Избранное
Шрифт:
— Послушайте, — сказал Лопес, — мы не узнали ничего нового, устали как черти и в довершение всего упустили возможность поплескаться в бассейне. Может, хоть это вас немного утешит, — добавил он со смехом.
Было глупо затевать спор со стариками, когда предзакатные сумерки приглашали к тишине и покою. Он сделал несколько шагов и замер у форштевня, смотря на игру пенистых красновато-фиолетовых волн.
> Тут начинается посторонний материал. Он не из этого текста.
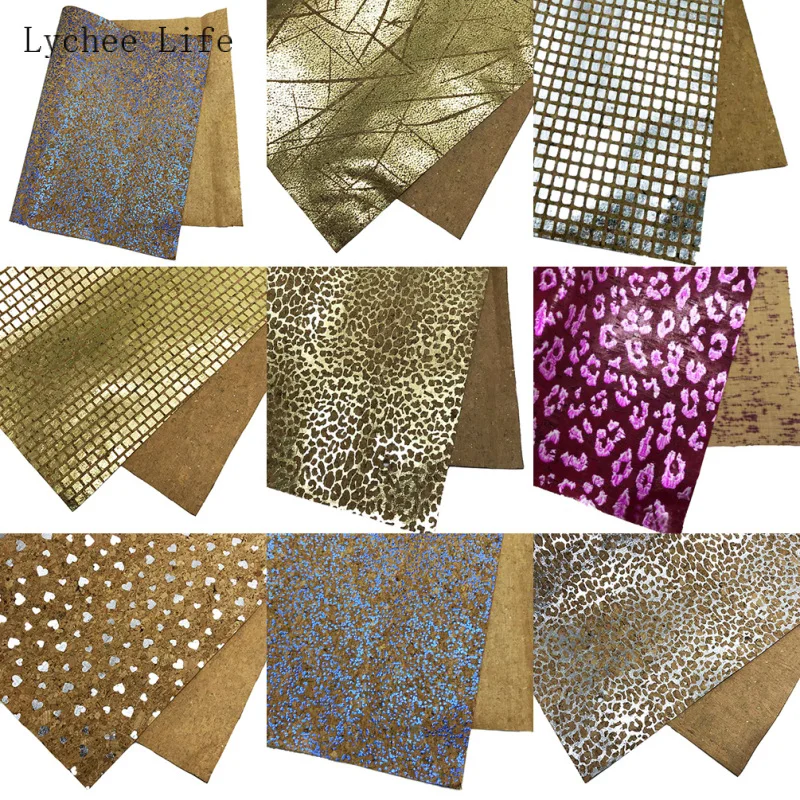 Lychee Life 29x21 см A4 винтажный мягкий пробковый материал для шитья синтетическая кожа для рукоделия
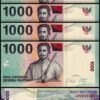 Indonesia 1000 Rupiah 2000 2007, UNC, 10 Pcs LOT, P-141h - Image 3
Вечер был безмятежно спокойным и ясным, легкий бриз словно ласкал палубы «Малькольма». Вдалеке, по левому борту, виднелся плюмаж дыма. Лопес с безразличием вспомнил свой дом — дом этот принадлежал сестре и ее мужу, а он имел там лишь несколько комнат; в этот час Рут обычно вносила плетеные кресла в крытый патио, днем их выставляли в сад; Гомара беседовал о политике со своим коллегой Карпио, который исповедовал расплывчатый коммунизм, почерпнутый у китайских поэтов, переведенных сначала на английский, а уж потом на испанский язык издательством «Лаутаро», дети Рут печально дожидались, когда им позволят пойти искупаться. Все это было вчера, все это происходит сегодня там, вдалеке, за этим пурпурно-серебристым горизонтом. «Словно совсем в другом мире», — подумал он, хотя, возможно, через неделю, когда настоящее утратит новизну, воспоминания обретут силу. Вот уже пятнадцать лет, как он живет у Рут, и десять — как преподает. Пятнадцать и десять лет и всего один день в море, рыжеволосая девушка (впрочем, рыжие волосы тут ни при чем), и в миг перечеркнут
— Прекрасный вечер, — сказал Лопес, еще не составивший мнения о ней. — А вас не укачивает?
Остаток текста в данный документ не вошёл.